So, the (two sets of) regulations providing for the 2 weeks’ of bereavement leave have been published. One set of regulations deal with Pay and the other set deal with leave. Clearly, too difficult to put pay and leave in the same set of regulations! if you are particularly interested in the actual regulations themselves, you can download them here:
A huge amount of credit should be given to Lucy Herd, the mother of Jack Herd. Lucy has campaigned for over 10 years for bereavement leave to be provided to parents. The law is to be known as "Jack's Law" in memory of her son Jack.
Set out below is a summary of the provisions of both sets of regulations:
1. To qualify for pay you must be: the parent, the adoptive parent, an intended parent or the partner of the parent. There are some complex provisions re the adoption, prospective adopters and intended parents which I won’t address here!
2. The bereavement leave applies if the parents lose a child under the age of 18 or suffer a stillbirth from 24 weeks of pregnancy.
3. There is no service requirement relating to length of employment. It is a “day one” employment right.
4. The right to Statutory Parental Bereavement Pay (SPBP) is at the statutory rate of £151.20, subject to future increases or 90% of normal weekly earnings, whichever is the lower.
5. SPBP will be administered by employers in the same way as existing family-related statutory payments such as Statutory Paternity Pay.
6. It takes effect from 6 April 2020.
7. The period of pay and leave is 2 weeks. It can be taken in a block of 2 weeks or two discontinuous weeks. The leave must be taken within 56 weeks of the death of the child.
8. An employee does not need to provide notice in writing to their employer, but the length of notice required to book and cancel parental bereavement leave will vary depending on whether the period the employee intends to take as parental bereavement leave falls within 56 days of the child’s death or later. If the employee wishes to take leave within 56 days of the death of their child the notice required to be provided by them is:
(1) before they are due to start work on their first day of absence from work in that week, or
(2) in a case where it is not reasonably practicable for the employee to give notice before they start work on the first day of absence, as soon as is reasonably practicable.
9. If the bereavement leave is to occur more than 56 days after the death of their child the notice they must provide 1 weeks’ notice.
10. To be entitled to SPBP parents must provide a written declaration, on the first occasion that they give notice, that they meet one of the relevant conditions as to relationship with the child who has died.
11. The right to pay and leave is limited to employees.

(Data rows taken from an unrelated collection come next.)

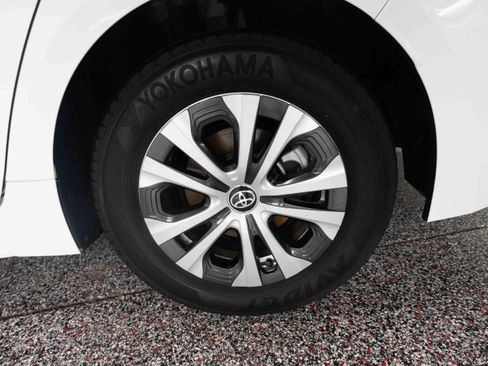 Used 2022 Toyota Corolla LE FWD image 28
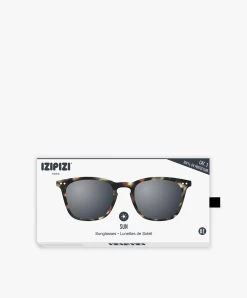 Izipizi Sun Reading #E Zonnebril Op Sterkte - Tortoise/Grijze Glazen -Boetiek Modewinkel izipizi izipizi sun e zonnebril op sterkte trapezium montuur tortoisegrijze glazen 10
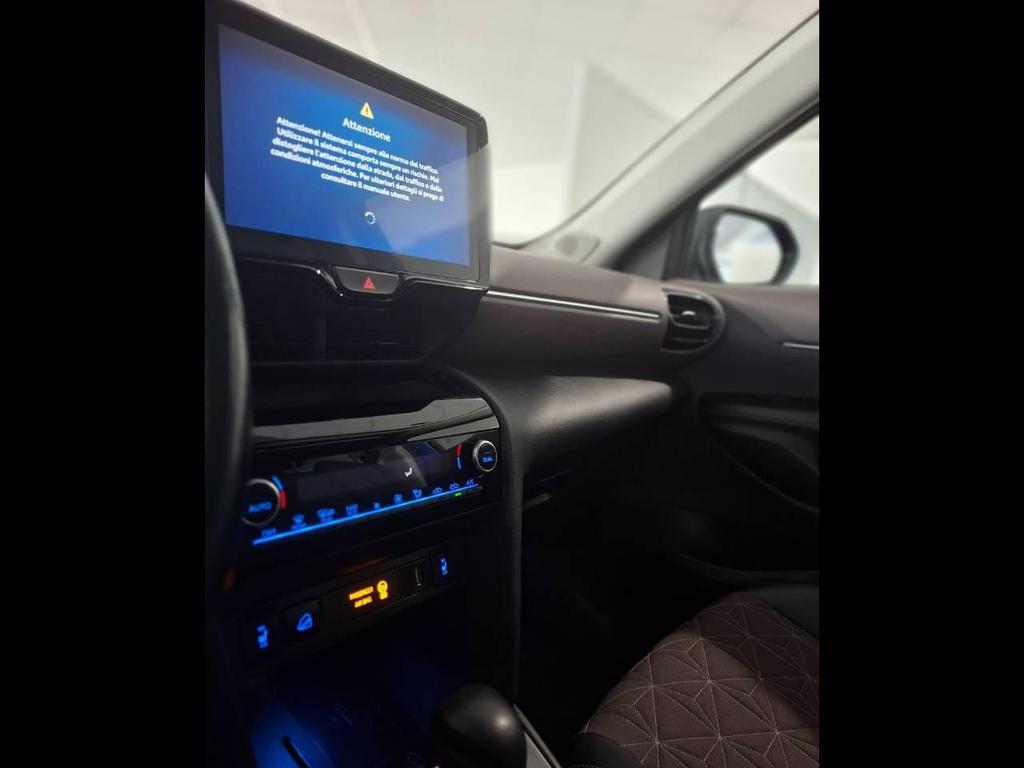 Toyota Yaris Cross 1.5 H Lounge AWD-i E-CVT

It does not extend to workers.
12. In the very sad and unfortunate circumstances where the parent loses more than one child, they will be entitled to pay and leave in respect of each child.
13. A former employer can be liable to make payments of statutory parental bereavement pay to a former employee in any case where the employee had been employed for a continuous period of at least 8 weeks and the employment was ended with the sole or main purpose of avoiding liability to pay the SPBP.

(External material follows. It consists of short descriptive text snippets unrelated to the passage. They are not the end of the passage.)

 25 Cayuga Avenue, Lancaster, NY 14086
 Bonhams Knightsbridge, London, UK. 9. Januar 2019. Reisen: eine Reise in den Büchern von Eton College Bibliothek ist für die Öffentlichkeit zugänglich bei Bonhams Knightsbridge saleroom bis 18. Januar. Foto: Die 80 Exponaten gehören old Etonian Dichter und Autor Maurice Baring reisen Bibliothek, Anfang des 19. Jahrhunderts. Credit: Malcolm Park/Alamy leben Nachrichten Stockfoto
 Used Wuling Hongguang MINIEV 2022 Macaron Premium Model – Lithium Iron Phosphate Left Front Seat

14. Quite rightly, anyone entitled to the leave is protected from detriment or dismissal because they took or sought to take the leave.

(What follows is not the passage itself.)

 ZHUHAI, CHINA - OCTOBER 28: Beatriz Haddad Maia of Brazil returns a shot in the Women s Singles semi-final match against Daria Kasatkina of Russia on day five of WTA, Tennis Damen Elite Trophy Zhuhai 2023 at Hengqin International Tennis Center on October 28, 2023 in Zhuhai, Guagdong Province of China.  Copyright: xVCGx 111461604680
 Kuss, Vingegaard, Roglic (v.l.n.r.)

We will be publishing our template policies and letters shortly. Please contact us if you would like advice on writing, drafting and implementation.
Matt Huggett, Partner
07496 126 266
Lucy Herd said: In the immediate aftermath of a child dying, parents have to cope with their own loss, the grief of their wider family, including other children, as well as a vast amount of administrative paperwork and other arrangements. A sudden or accidental death may require a post-mortem or inquest; there is a funeral to arrange; and there are many other organisations to contact, from schools to benefit offices. When I started this campaign 10 years ago after the death of my son Jack, I always hoped that a positive change would happen in his memory. Knowing that nearly 10 years of campaigning has helped create ‘Jack’s Law’ is the most wonderful feeling, but it is bittersweet at the same time. I am so grateful to all those involved who have helped make this possible. I was told many times that I would not succeed but Jack’s Law will now ensure that bereaved parents are better protected in the future.